**PROBLEM STATEMENT**
Repeat all of the data below word for word, keeping no images.

**SOURCE MATERIAL**
= = = = = = =

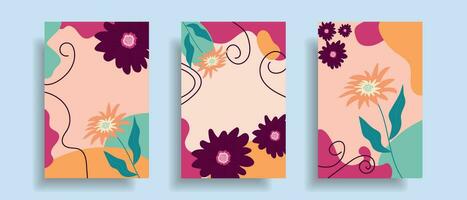 Abstract background with flowers. Abstract cover with botanical plants. vector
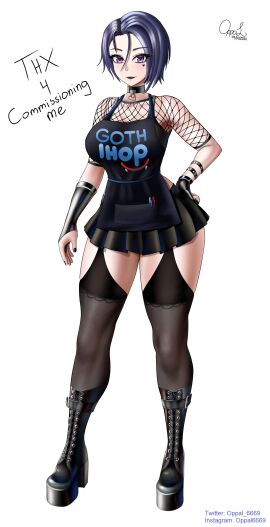 1girls alternate_costume apron artist_name artist_signature athletic athletic_female big_breasts big_hips black_apron black_choker black_eyelashes black_eyeliner black_eyeshadow black_fishnets black_gloves black_hair black_legwear black_lips black_lipstick black_nail_polish black_nails black_skirt black_stockings black_thighhighs black_topwear bob_cut boots bracelet breasts choker commission commission_art female female_focus female_only fire_emblem fire_emblem:_three_houses fishnet_topwear fishnets gloves goth goth_clothing goth_girl goth_ihop gothic gothic_girl gothified hand_on_hip heart_mole heart_symbol high_heel_boots high_heels high_resolution highres ihop indigo_hair leather_boots leather_gloves light-skinned_female light_skin long_eyelashes mole_under_eye nintendo oppal6669 platform_boots platform_footwear platform_heels purple_eyes shamir_nevrand short_hair short_skirt skirt solo solo_female solo_focus standing stockings thighs tights tomboy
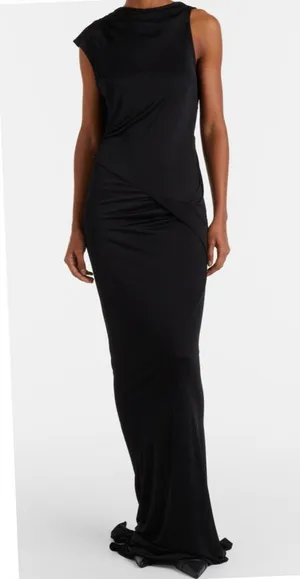 Rick Owens Lilies Shailee Draped Dress Gown Black Avant Garde Draped Size US 2 thumbnail 1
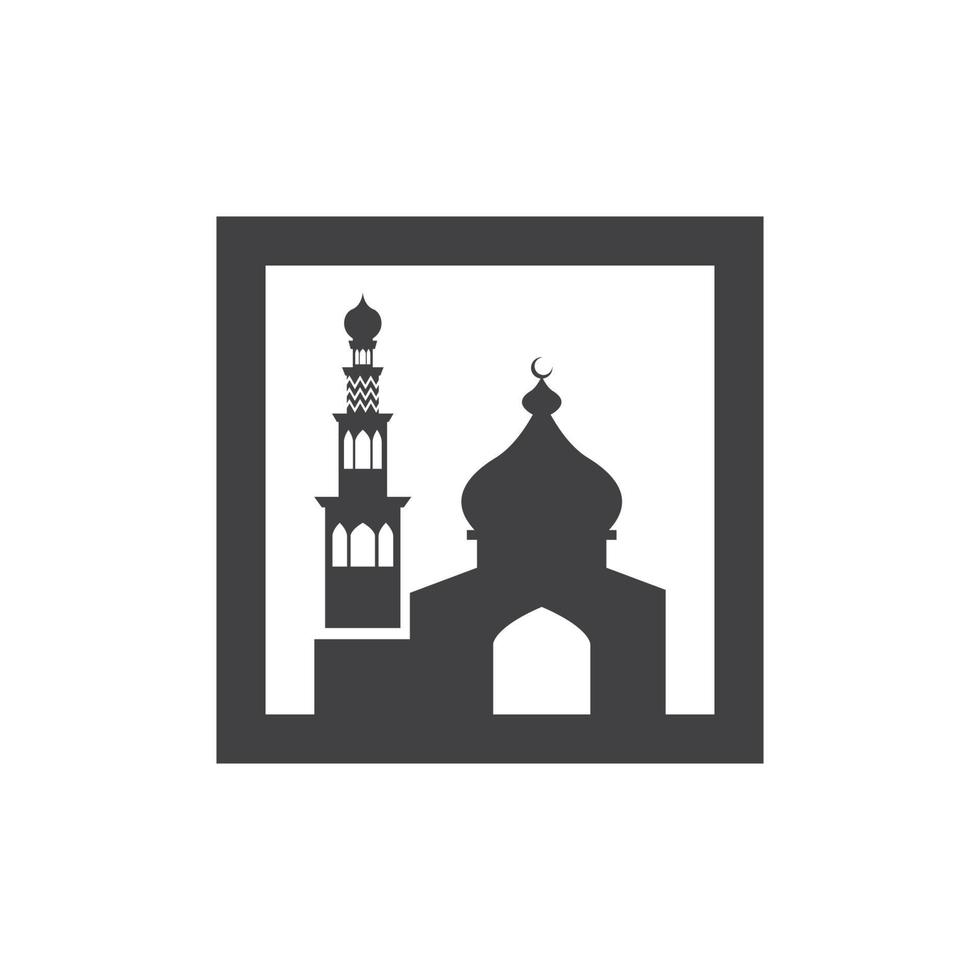 Islamic Mosque Logo Design Vector Template Illustration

= = = = = = =

**OUTPUT FOR THIS TASK**
 Abstract background with flowers. Abstract cover with botanical plants. vector
 1girls alternate_costume apron artist_name artist_signature athletic athletic_female big_breasts big_hips black_apron black_choker black_eyelashes black_eyeliner black_eyeshadow black_fishnets black_gloves black_hair black_legwear black_lips black_lipstick black_nail_polish black_nails black_skirt black_stockings black_thighhighs black_topwear bob_cut boots bracelet breasts choker commission commission_art female female_focus female_only fire_emblem fire_emblem:_three_houses fishnet_topwear fishnets gloves goth goth_clothing goth_girl goth_ihop gothic gothic_girl gothified hand_on_hip heart_mole heart_symbol high_heel_boots high_heels high_resolution highres ihop indigo_hair leather_boots leather_gloves light-skinned_female light_skin long_eyelashes mole_under_eye nintendo oppal6669 platform_boots platform_footwear platform_heels purple_eyes shamir_nevrand short_hair short_skirt skirt solo solo_female solo_focus standing stockings thighs tights tomboy
 Rick Owens Lilies Shailee Draped Dress Gown Black Avant Garde Draped Size US 2 thumbnail 1
 Islamic Mosque Logo Design Vector Template Illustration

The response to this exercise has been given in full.